Cereals contain 6-12% protein which is generally deficient in amino acid lysine, hence, to improve its protein quality they should be combined with legumes (beans), nuts, seeds, dairy, or meat.
Half of the grain category should be from whole grains for fibre and vitamins.
Vegetables provide vitamins, minerals, and fibre.
Certain vegetables such as potatoes also provide carbohydrates and some vegetable protein, which needs to be eaten with another protein food to be complete.
Fruits provide different vitamins, minerals, and fibre.
They also provide sugars for quick energy. ½ to ¾ cup or 120 to 180 mL of fruit juice is the same as one serving of fruit.
It is not wise to drink much more than this because the high sugar tends to replace other needed foods.
Milk and milk products provide complete proteins and major minerals, particularly calcium.
They are commonly supplemented with vitamin D and vitamin A.
If dairy products are not consumed in the recommended amounts, special efforts should be made to eat other calcium-rich foods or take a calcium supplement.
This is particularly important for women.
Meat, chicken, eggs, and fish can provide complete protein.
Legumes (e.g., soybeans) can also provide complete protein if nuts/seeds or grains such as rice or corn are eaten at the same meal to provide limiting amino acids.
This is known as mutual supplementation of foods.
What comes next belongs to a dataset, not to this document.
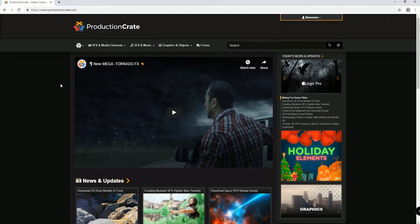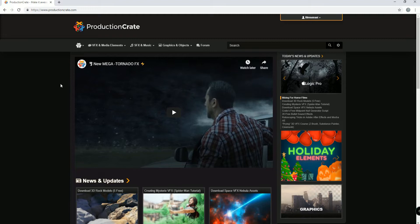So we're going to start with ProductionCrate.com. If you do not have an account with ProductionCrate.com, please do me a favor. In the description of this video there is an affiliate link to ProductionCrate.com.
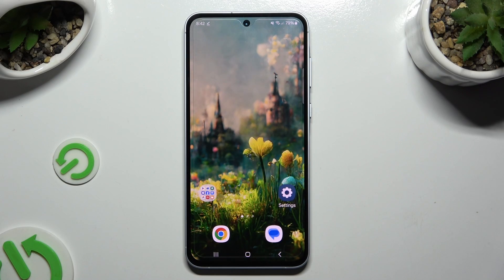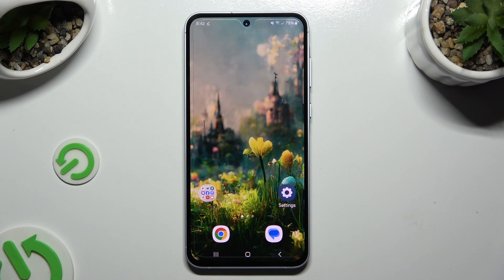In front of me is the Samsung Galaxy A55, and today I would like to show you how you can switch on or off adaptive brightness.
Legumes are low in amino acid methionine, while rice, wheat and other cereals are limiting in lysine.
So, when we eat a combination meal of pulses and cereals, we get a more complete protein.
Vegetable oils can provide a balance of essential fatty acids. Use them in food preparation (frying, salad dressings, spreads, etc.).
Canola and soy oils are preferred. Mustard and hemp seed oils are similar but less common. Olive oil is high in healthy monounsaturated fat and has a good ratio (although relatively low amounts) of essential fatty acids. Peanut, corn, sesame, sunflower, and safflower oils are relatively low in essential omega-3 fatty acids.
Half of servings in the oil category should be one of the vegetable oils providing essential fatty acids each day. Tropical oils (e.g., coconut and palm) are extremely low in essential fatty acids.
In addition to all these food groups, it is essential to take adequate amount of water as it is one of the key nutrients that keep one hydrated and hence is of paramount importance in good health maintenance. Human body is essentially 80% water.
Therefore, we must keep that balance to survive and stay healthy.